With such a hot finishing mill system, there is a demand for transporting the rolled material S at a high speed in order to raise the work efficiency. When the rolled material S is transported at a high speed, however, its front end collides with the outer peripheral surfaces of the work rollers 201, 202, 203, 204, 205, 206 and 207 when engaged into the finishing mills 101, 102, 103, 104, 105, 106 and 107. As a result, the work rolls 201, 202, 203, 204, 205, 206 and 207 can be deformed or damaged. With the hot finishing mill system, therefore, the rolled material S has to be transported at a low speed, with the result that the rolled material S takes a relatively long time until its engagement into the work rolls 201, 202, 203, 204, 205, 206 and 207, thus promoting the formation of scale. Under this scenario, the thickness of the scale on the rolled material S after rolling exceeds a limit of 5 µm. During finish rolling, this scale is imprinted into the surface of the rolled material S, causing defects. This markedly deteriorates the quality of the rolled material S.

SUMMARY OF THE INVENTION:

The present invention, therefor, aims to solve this problem.
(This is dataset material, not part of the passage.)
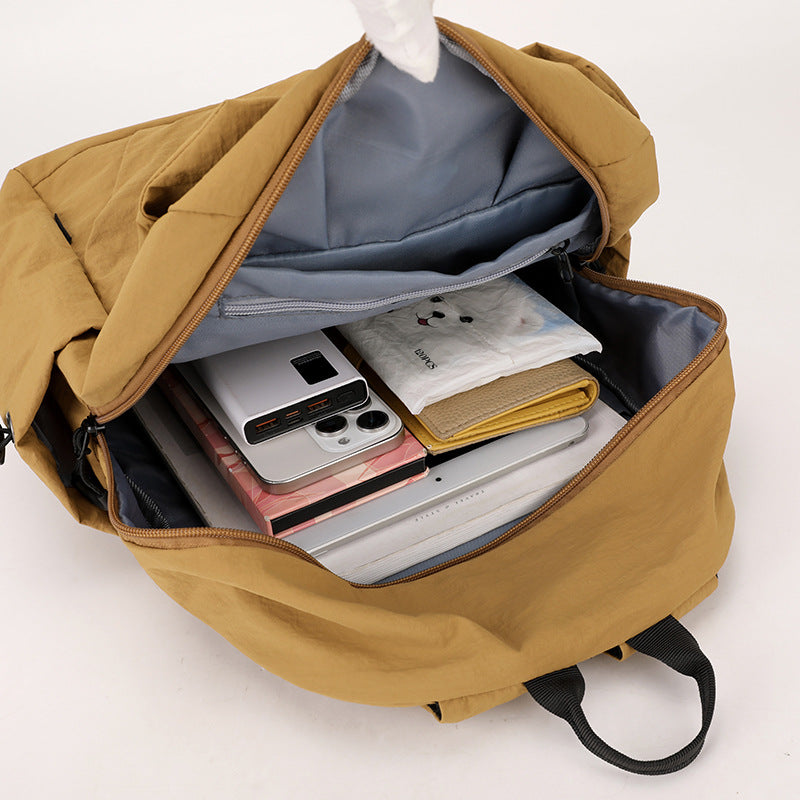 Mini nylon backpack interior view - multiple compartments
Its primary object is to provide a method and a system for suppressing the formation of scale in a hot finishing mill system while improving the quality of the finished product, by inhibiting the formation of scale on a rolled material reliably.
According to a first aspect of the present invention which is designed to attain the above-described object, there is provided a method for suppressing the formation of scale in a hot finishing mill system during finish rolling of a strip material by a plurality of finishing mills located in a row and comprising the steps of:
removing scale at an entry side of the finishing mills; then forming a molten glass film on the surfaces of the strip material; and, thereafter finish rolling the strip material in this condition to a predetermined plate thickness.
According to a second aspect of the invention, there is provided the method for suppressing the formation of scale in the hot finishing mill system accordance with the first aspect of the invention, wherein the molten glass film is subsequently removed at a delivery side of the most downstream finishing mill.
According to a third aspect of the invention, there is provided a system for suppressing the formation of scale in a hot finishing mill system, comprising:
a finishing mill for finish rolling a strip material, or a finishing mill group, including a plurality of the finishing mills located in a row;
scale removing means located at an entry side of the finishing mill or the finishing mill group; and
glass coating material application means for applying a jet of glass coating material to upper and lower surfaces of the strip material so as to form a molten glass film, the glass coating material application means being located at the entry side of the finishing mill or the finishing mill group and at a delivery side of the scale removing means.
According to a fourth aspect of the invention, there is provided the system for suppressing the formation of scale in the hot finishing mill system in accordance with the third aspect of the invention, wherein molten glass film removing means for removing the molten glass film formed on the upper and lower surfaces of the strip material is located at the delivery side of the finishing mill or the finishing mill group.
According to a fifth aspect of the invention, there is provided a system for suppressing the formation of scale in a hot finishing mill system, comprising:
a finishing mill group including a plurality of finishing mills located in a row for finish rolling a strip material;
scale removing means provided at an entry side of the finishing mill group;
first glass coating material application means for applying a jet of glass coating material to upper and lower surfaces of the strip material to form a molten glass film, the first glass coating material application means being located at a delivery side of the scale removing means and at the entry side of one of the finishing mills of the plurality of finishing mills of the finishing mill group;
molten glass film removing means for removing the molten glass film formed on the upper and lower surfaces of the strip material, the molten glass film removing means being located at the delivery side of the finishing mill group; and
second glass coating material application means for applying a jet of a glass coating material to upper and lower surfaces of the strip material to form an additional molten glass film, the second glass coating material application means being located at the delivery side of a predetermined number, for example, all of the other finishing mills of the plurality of finishing mills of the finishing mill group.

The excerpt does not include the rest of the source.